# Handsaw Sharpening?



## ReggieT (Sep 12, 2016)

Hey guys,

Occasionally I like to grab one of my handsaws and make short work of some pesky limbs, a 2x4, a large ham, or what ever.
Yet, of course...they're getting duller with each use.
I read that there are shops who specialize in this and they must be reset..etc, etc.
Is there a particular method you all use to sharpen them that does not require anything special?

Thanks
Reg


----------



## Philbert (Sep 12, 2016)

Some hand saw teeth can easily be touched up with a triangular file. Some have very fine teeth and require a 'feather file'. Some saws have induction hardened teeth (usually blue) and cannot easily be sharpened.

The saw blade/teeth should be clamped/sandwiched between boards to hold them steady when filing. Follow the original angles.

I have given new life to a number of pruning saws and pole saw blades this way.

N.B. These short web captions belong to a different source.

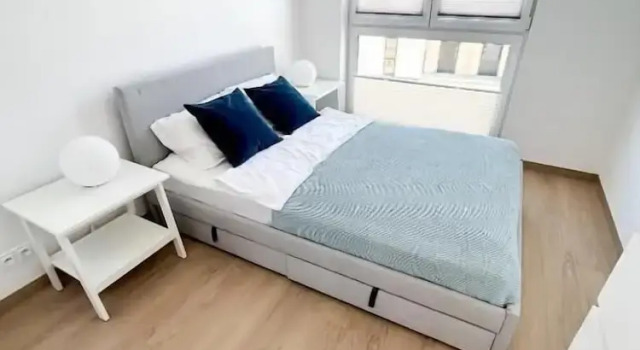 Апартаменты Apartamenty Bałtyckie - Luxoro Park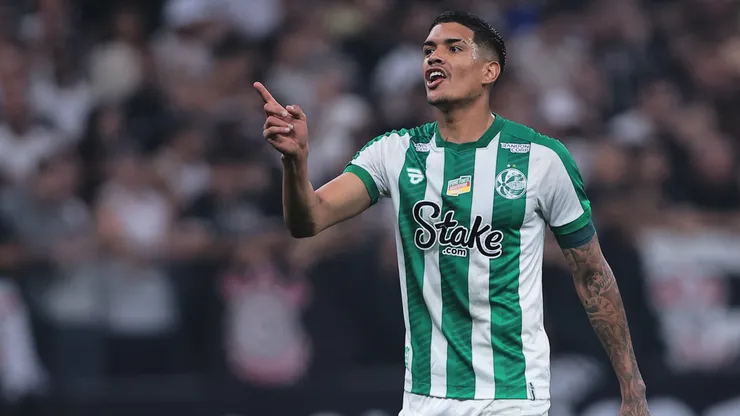 Volta ao Santos ou vende? Saiba os planos para Lucas Barbosa em 2025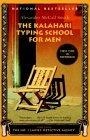 The Kalahari Typing School for Men : More from the No. 1 Ladies' Detective Agency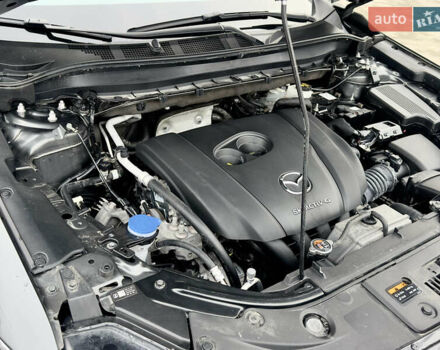 Серый Мазда СХ-5, объемом двигателя 2 л и пробегом 40 тыс. км за 26100 $, фото 24 на Automoto.ua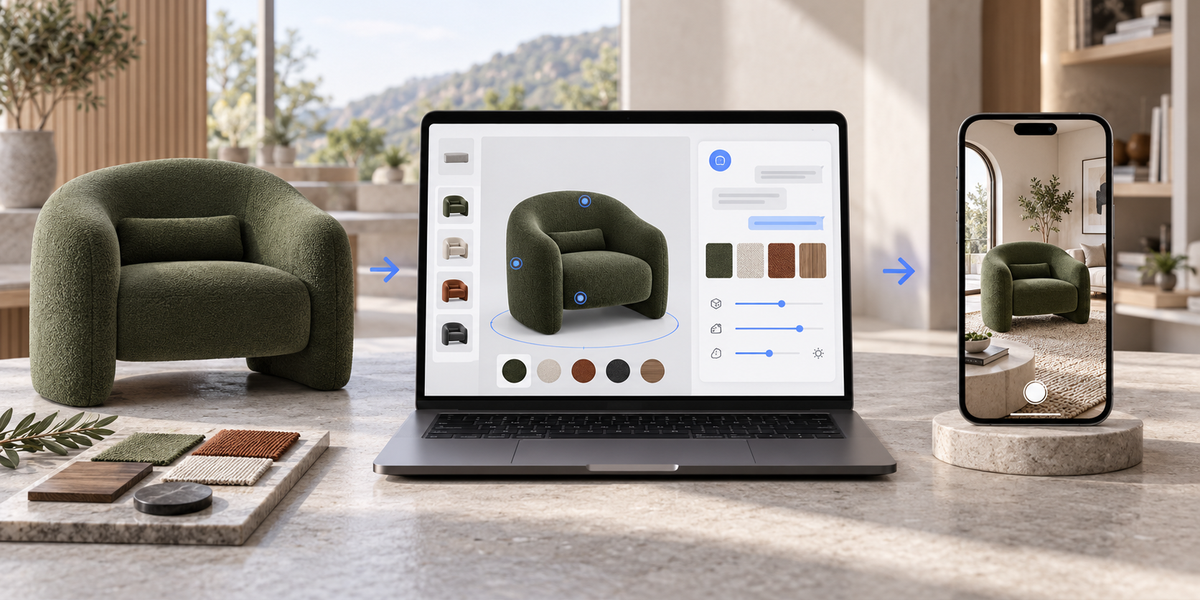 Best No-Code AR Editors With AI Assistance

Saws that are pretty far gone might do better with someone who does this a lot, and has special sharpening / grinding equipment.

Used 'saw sets' are often found at garage sales, etc.

Lots of Internet sites devoted to this, including links to special files, home made filing fixtures, etc.

Philbert


----------



## Philbert (Sep 12, 2016)

Great general book on sharpening woodworking tools ( although, not so great on chainsaw chains).

https://www.amazon.com/Complete-Guide-Sharpening-Leonard-Lee/dp/1561581259




Philbert


----------



## ReggieT (Sep 13, 2016)

Philbert said:


> Great general book on sharpening woodworking tools ( although, not so great on chainsaw chains).
> 
> https://www.amazon.com/Complete-Guide-Sharpening-Leonard-Lee/dp/1561581259
> 
> ...


Thanks Philbert, once again you prove more than scholarly!


----------